(Action item) Pictures stay out of the copy. Retype exactly the lines below from the one with "Lacoste Black Acetate" through the one with "Pytanie na dziś".

(Supplied records)
----------

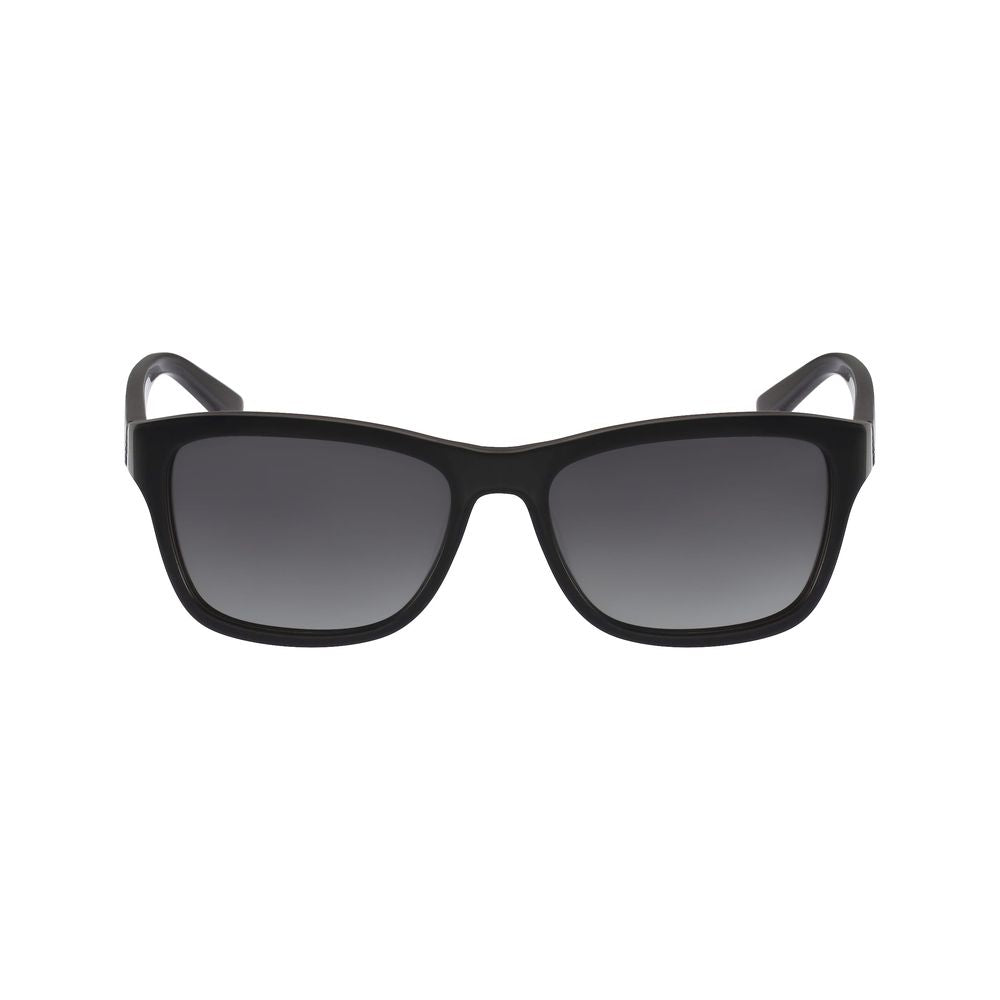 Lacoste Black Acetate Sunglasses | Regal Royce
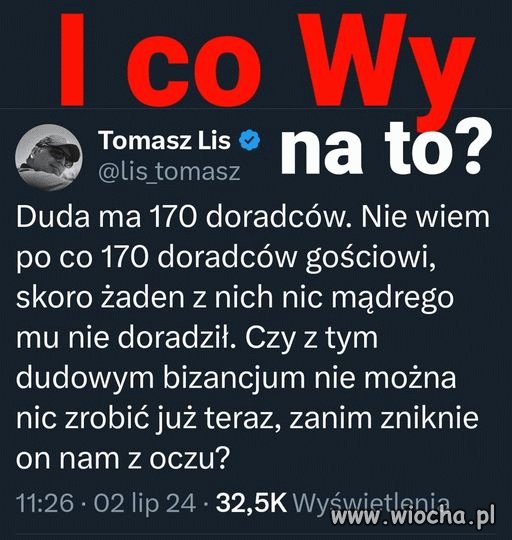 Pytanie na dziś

----------

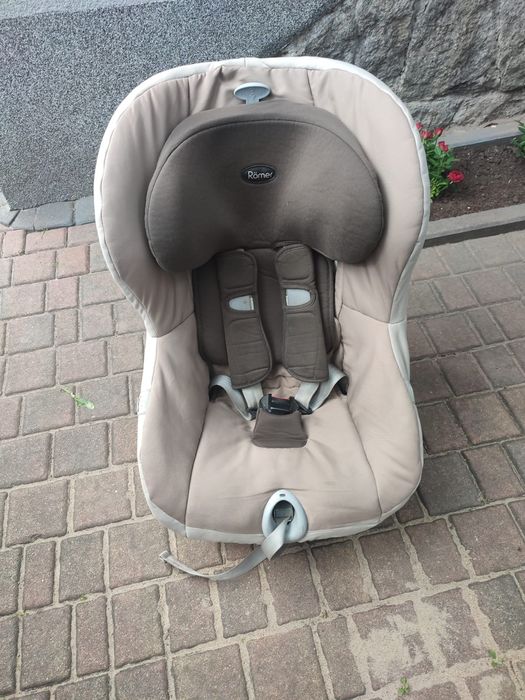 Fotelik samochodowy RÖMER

----------

(Written response)
 Lacoste Black Acetate Sunglasses | Regal Royce
 Pytanie na dziś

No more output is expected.